The first, called promissio fidei,
was a detailed profession of faith, and had to be signed by the new bishop and
his priests. The second, the cautio,
was an undertaking to observe certain rules of ecclesiastical government. It
had to be dictated by the bishop to a notary, in presence of the primicerius
and secundicerius of the notaries of the Roman Church, and then signed by the
bishop and several witnesses. The third document, known as the indiculum, was a promise not to be
connected with any undertaking against the unity of the Church or the security
of the Roman empire. The indiculum had to be written out by the bishop himself, and placed by him in the confession of St. Peter.

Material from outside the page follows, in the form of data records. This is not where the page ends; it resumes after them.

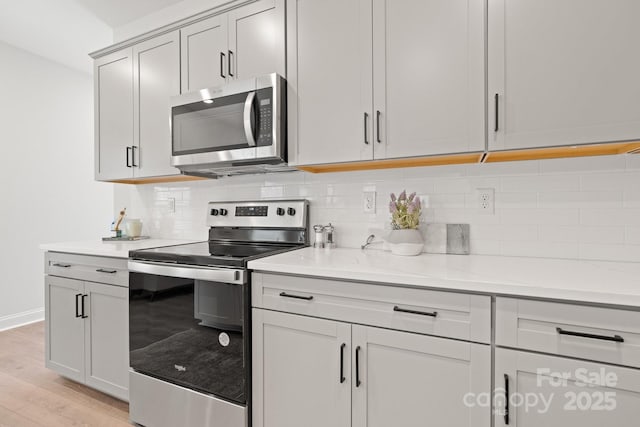 kitchen featuring stainless steel appliances, light stone countertops, light hardwood / wood-style flooring, and decorative backsplash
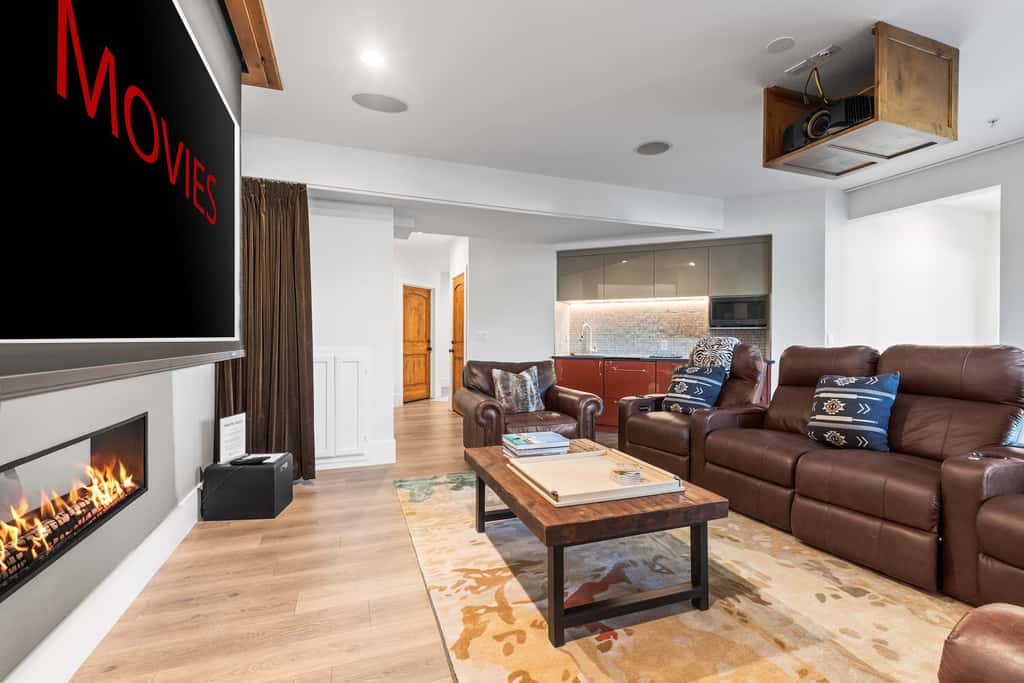 Mountain-view abode with a hot tub, scenic balcony, fireplaces, & free shuttle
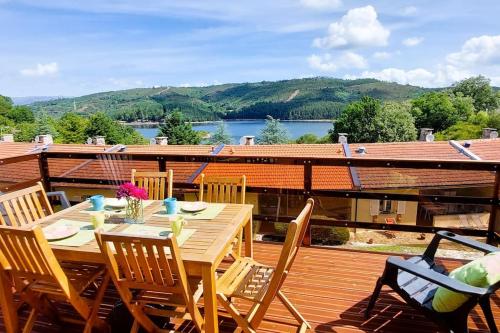 a wooden table and chairs on a deck at Casinha de Padrões in Venda Nova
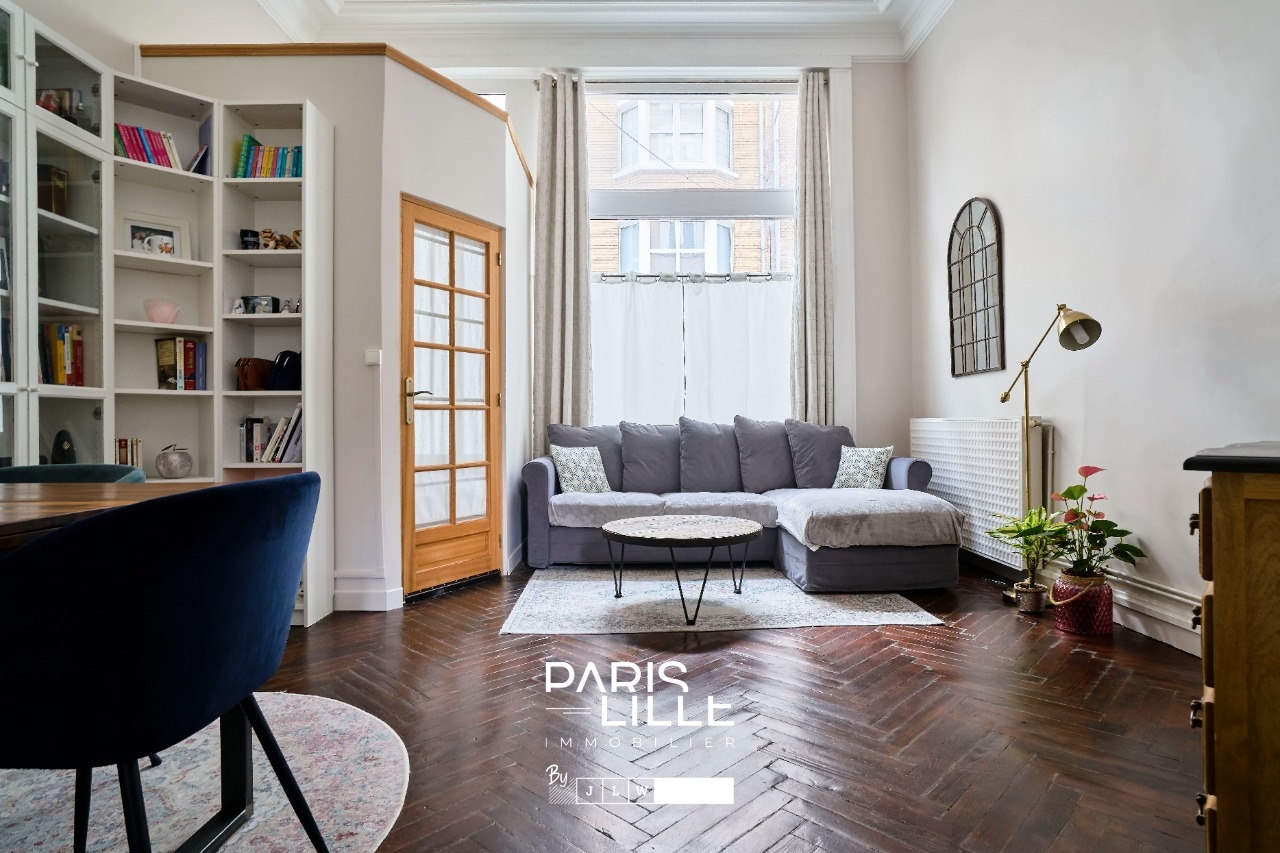 Appartement au cachet preserve Photo 2 - Paris Lille Immobilier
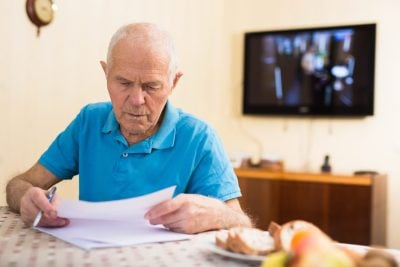 A 71-Year-Old Retired Federal Employee With $890,000 in a TSP Discovers His Pension Quietly Disqualified Him for the IRMAA Hold-Harmless Rule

Felix had no sooner received the desired consecration,
than, thinking he had humbled himself quite enough by coming to Rome to be
ordained, he refused to sign the accustomed acts of submission to the Holy See, i.e. probably, he
refused to sign the second document just mentioned, the cautio strictly so called. Backed by the secular power, “by the
power of the judges”, as the papal biographer expresses it, Felix refused to
comply with the Pope’s demands. The parchment, however, on which the indiculum had been duly written, was
placed by the Pope himself in the confession of St Peter. And we have it on the authority of the same historian that, a few
days after, it was found all black, and, as it were, scorched. In the sacking
and partial burning of the city of Ravenna (in the following year, 709) by the
troops of Justinian, the papal biographer sees the hand of God punishing its
people and archbishop for their pride in wishing to be more independent of the
Pope. Why Justinian treated Ravenna in this manner cannot be precisely
ascertained. According to Agnellus it was because some of the Ravennese had
taken part in the rebellion against him in 695. At any rate, it is certain that
he put to death all the chief men of the city, deprived Archbishop Felix of his
sight, and sent him into exile somewhere in Pontus, very likely to Cherson.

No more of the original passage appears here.